Рассказы этого периода мягче и светлее обычного, но без темы смерти не обходилось – вот диалог между взрослым Ником и его маленьким сыном:
«– Когда ты умрешь, хорошо бы жить где-нибудь поближе, чтобы можно было съездить помолиться к тебе на могилу.
– Придется об этом позаботиться.
– А можно всех нас похоронить в каком-нибудь удобном месте. Например, во Франции. Вот было бы хорошо!»
Заметим попутно, что сын спрашивает, когда его научат охотиться, и отец отвечает: «Когда тебе будет двенадцать лет, если я увижу, что ты умеешь быть осторожным» – возможно, при всей благодарности собственному отцу за привитую любовь к охоте, Хемингуэй все же чувствовал, что три года – рановато.

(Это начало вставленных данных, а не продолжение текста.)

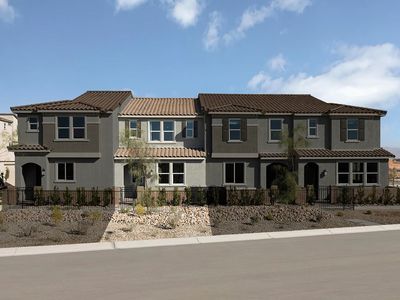 Plan 1396 Interior Unit Modeled Plan, Meadows at Meriden (2-story Townhomes)
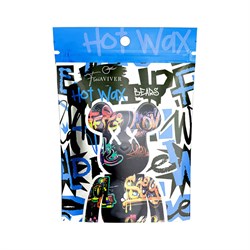 FreiAVIVER Воск для депиляции бровей и лица Hot Wax "Bears" синий, 100гр 2000780251676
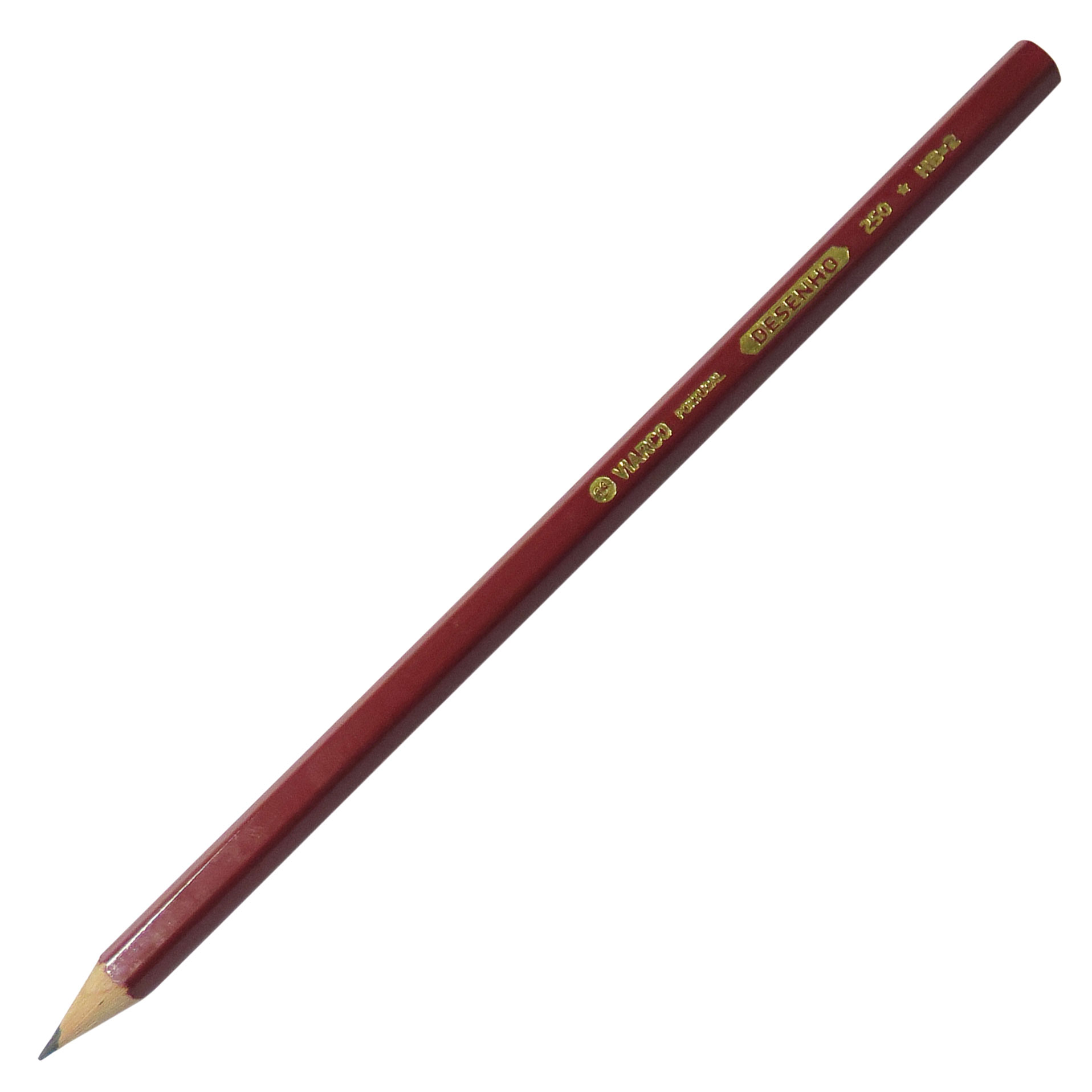 Lápis Grafite Viarco Hb N.2 250-2 ( Imagem 3 de 3 ) - Preview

Накануне Нового года семейство вернулось в Ки-Уэст. Прибыл Шипмен: жена, дети, прислуга были им очарованы, называли «нежным и заботливым», на него можно было оставить семью. В конце января Хемингуэй был в Нью-Йорке по издательским делам, Перкинс свел его со своим новым протеже Томасом Вулфом, надеялся, что два «сынка» подружатся, но из этой затеи ничего не вышло. Познакомился с литератором Арнольдом Гингричем, который собирался издавать журнал «для мужчин» и предлагал сотрудничество – отказался, так как Гингрич не понравился (они подружатся позднее). Был также обед с Фицджеральдом и Уилсоном: последний сказал, что «Хемингуэй был теперь большим человеком, а Скотт был так подавлен его величием, что смутил меня своим самоуничижением». Фицджеральд был пьян, юродствовал, униженно извинялся; Хемингуэй написал Перкинсу, что его друг «ушел в это дешевое ирландское пораженчество» и сможет писать лишь в том случае, если бросит пить или овдовеет, а Фицджеральд сказал Уилсону, что ему не следовало видеться с Хемингуэем: «Мне кажется, что с Эрнестом мы достигли такой ступени, когда я одновременно высмеиваю его и раболепствую перед ним».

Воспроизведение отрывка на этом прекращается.